## Provided entries
──────────

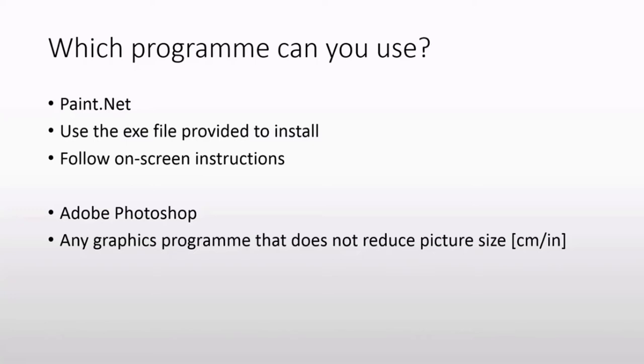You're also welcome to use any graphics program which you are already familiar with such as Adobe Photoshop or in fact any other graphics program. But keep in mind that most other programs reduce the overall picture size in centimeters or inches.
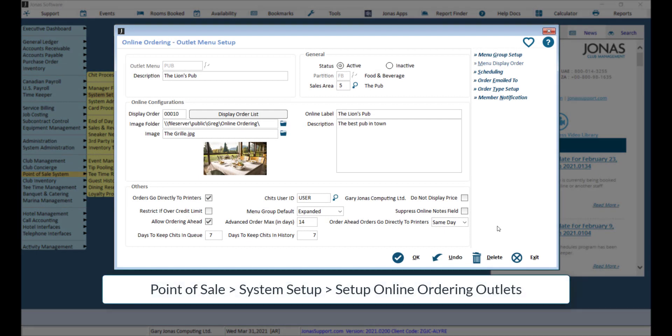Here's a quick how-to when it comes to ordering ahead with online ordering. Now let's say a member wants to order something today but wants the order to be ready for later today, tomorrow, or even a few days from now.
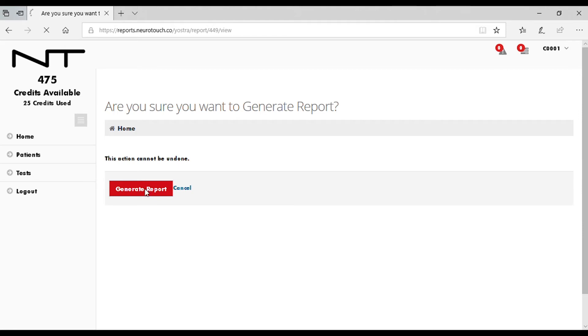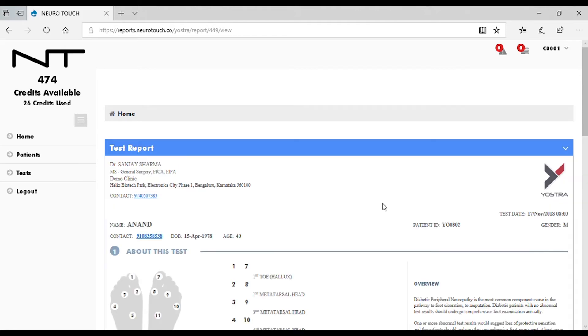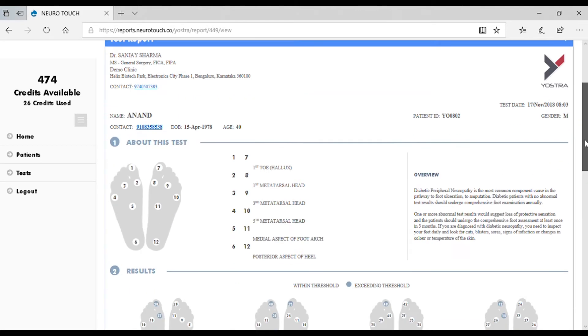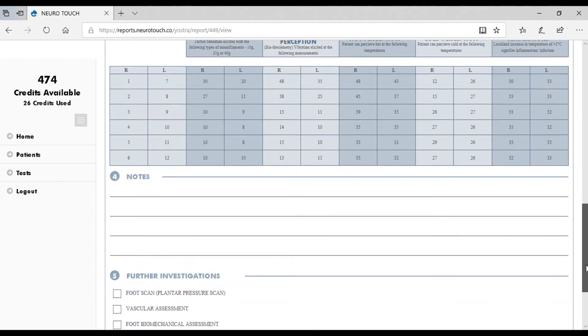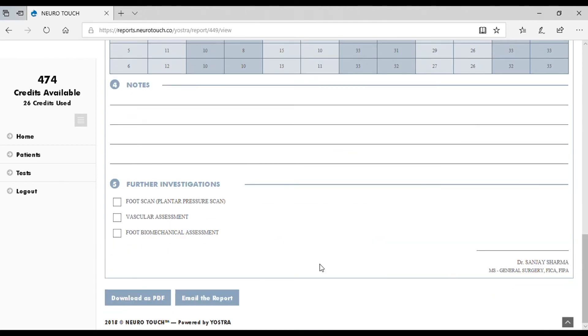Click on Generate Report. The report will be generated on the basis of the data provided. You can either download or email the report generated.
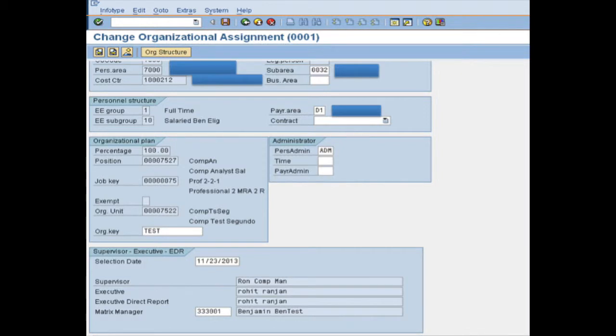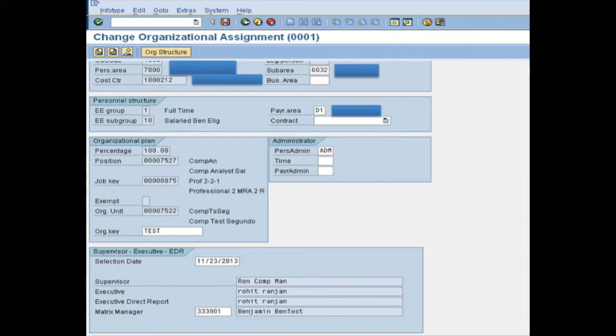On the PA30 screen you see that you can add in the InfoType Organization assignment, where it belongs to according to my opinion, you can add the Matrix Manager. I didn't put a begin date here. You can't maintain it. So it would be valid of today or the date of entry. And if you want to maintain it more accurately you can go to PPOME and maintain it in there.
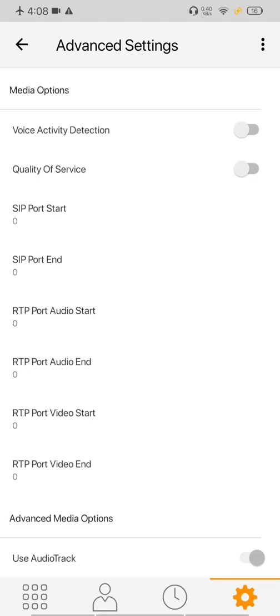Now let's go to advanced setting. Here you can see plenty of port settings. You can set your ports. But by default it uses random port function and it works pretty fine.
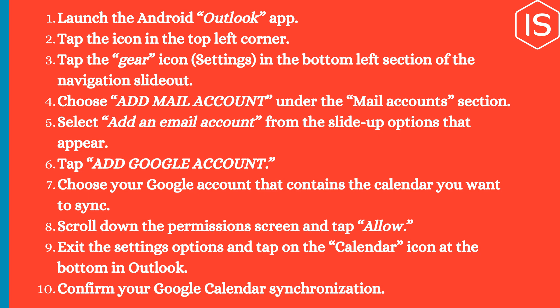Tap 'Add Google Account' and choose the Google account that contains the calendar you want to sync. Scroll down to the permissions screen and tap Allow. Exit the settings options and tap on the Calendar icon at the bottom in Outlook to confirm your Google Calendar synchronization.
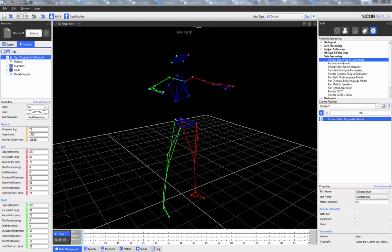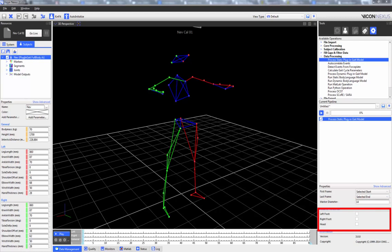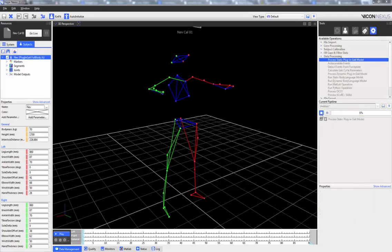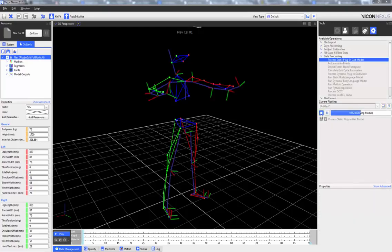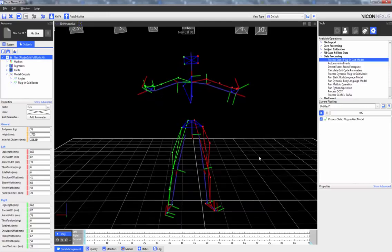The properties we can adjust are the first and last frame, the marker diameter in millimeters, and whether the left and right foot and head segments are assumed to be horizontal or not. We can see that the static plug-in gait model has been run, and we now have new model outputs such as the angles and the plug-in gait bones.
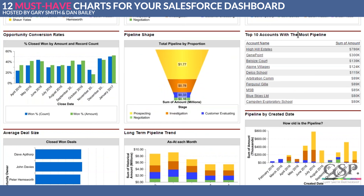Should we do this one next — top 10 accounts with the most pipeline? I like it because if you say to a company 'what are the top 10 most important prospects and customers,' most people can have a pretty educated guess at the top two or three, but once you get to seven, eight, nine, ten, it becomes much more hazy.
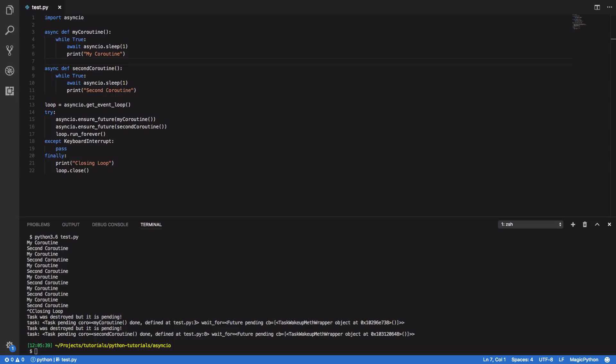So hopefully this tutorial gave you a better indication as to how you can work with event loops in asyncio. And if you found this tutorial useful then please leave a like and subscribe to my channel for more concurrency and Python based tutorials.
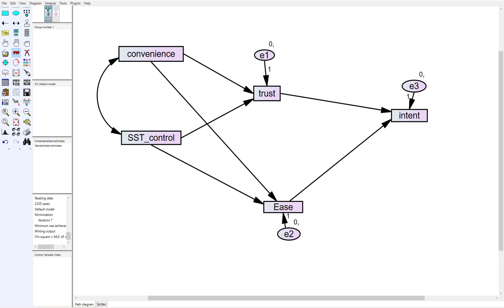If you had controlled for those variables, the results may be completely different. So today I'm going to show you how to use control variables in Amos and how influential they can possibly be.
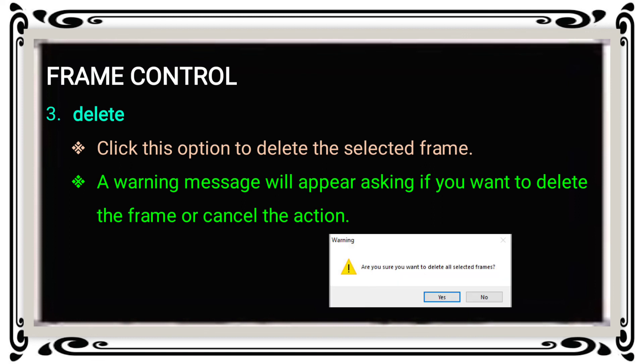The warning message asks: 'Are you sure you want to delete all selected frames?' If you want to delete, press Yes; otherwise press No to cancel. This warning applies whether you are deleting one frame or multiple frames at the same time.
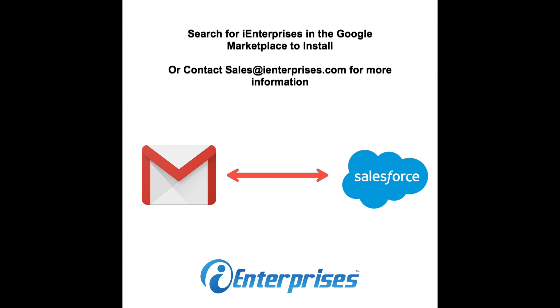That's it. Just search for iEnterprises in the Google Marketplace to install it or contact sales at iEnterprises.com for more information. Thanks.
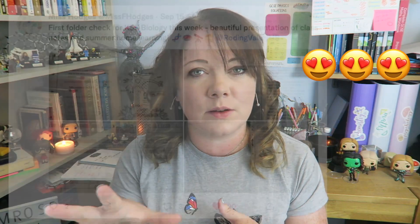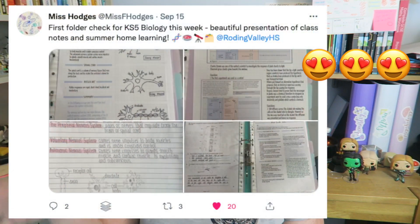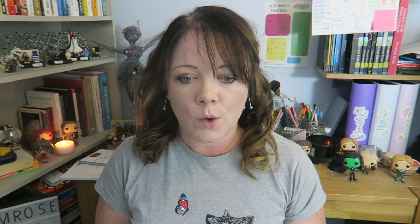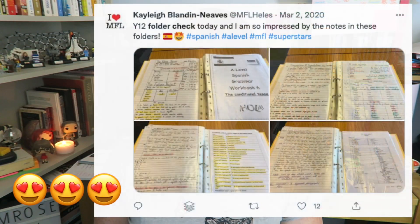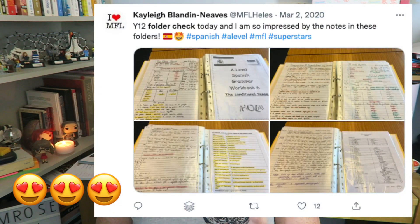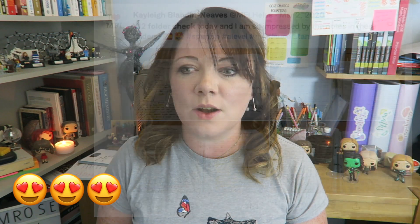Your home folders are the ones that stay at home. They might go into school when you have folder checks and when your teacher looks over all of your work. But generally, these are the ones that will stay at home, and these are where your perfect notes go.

──────────

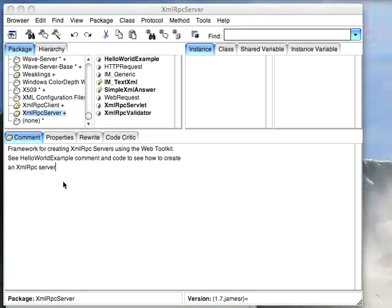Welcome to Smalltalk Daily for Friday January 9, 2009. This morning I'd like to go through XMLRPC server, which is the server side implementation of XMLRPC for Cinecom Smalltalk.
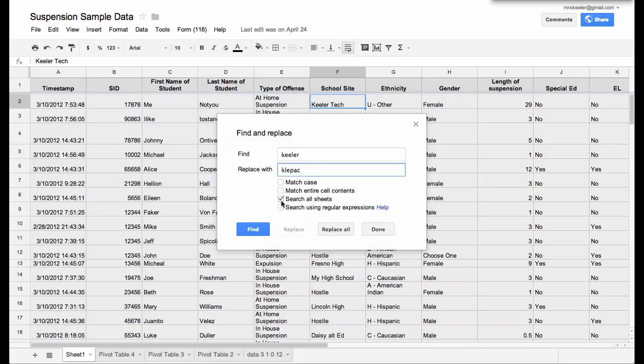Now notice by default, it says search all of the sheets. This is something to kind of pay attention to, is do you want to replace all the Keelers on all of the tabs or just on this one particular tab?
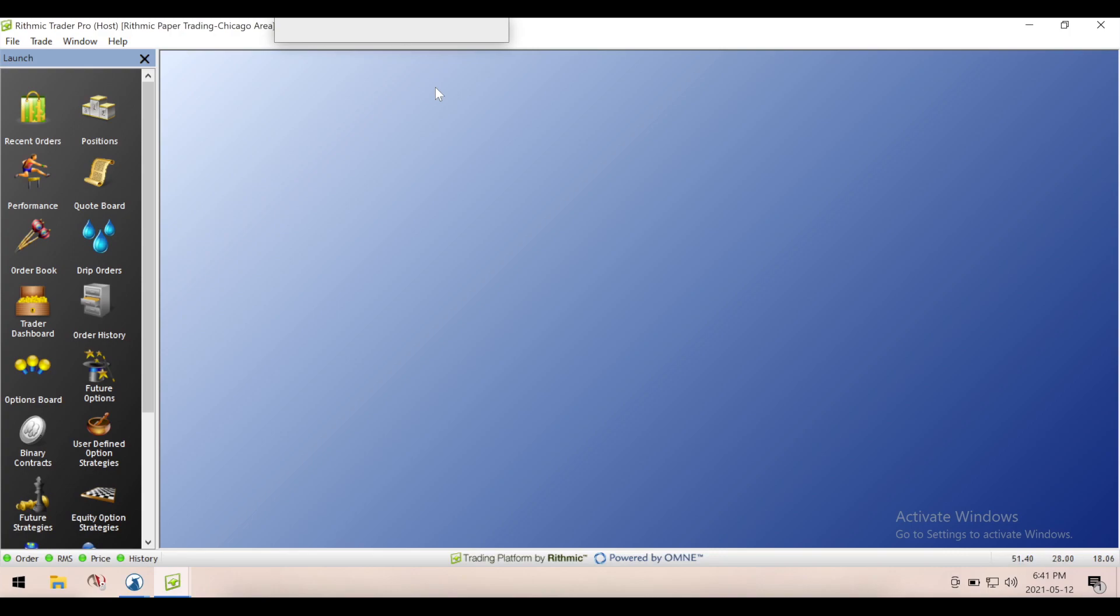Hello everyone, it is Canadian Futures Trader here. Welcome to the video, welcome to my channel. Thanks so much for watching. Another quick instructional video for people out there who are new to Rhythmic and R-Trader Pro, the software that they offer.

──────────

## Brief
Output only the stretch above from the line with "Here's a quick" through the line with "Click on Generate", reproduced exactly. Exclude pictures.

## Task solution
Here's a quick how-to when it comes to ordering ahead with online ordering. Now let's say a member wants to order something today but wants the order to be ready for later today, tomorrow, or even a few days from now.
Click on Generate Report. The report will be generated on the basis of the data provided. You can either download or email the report generated.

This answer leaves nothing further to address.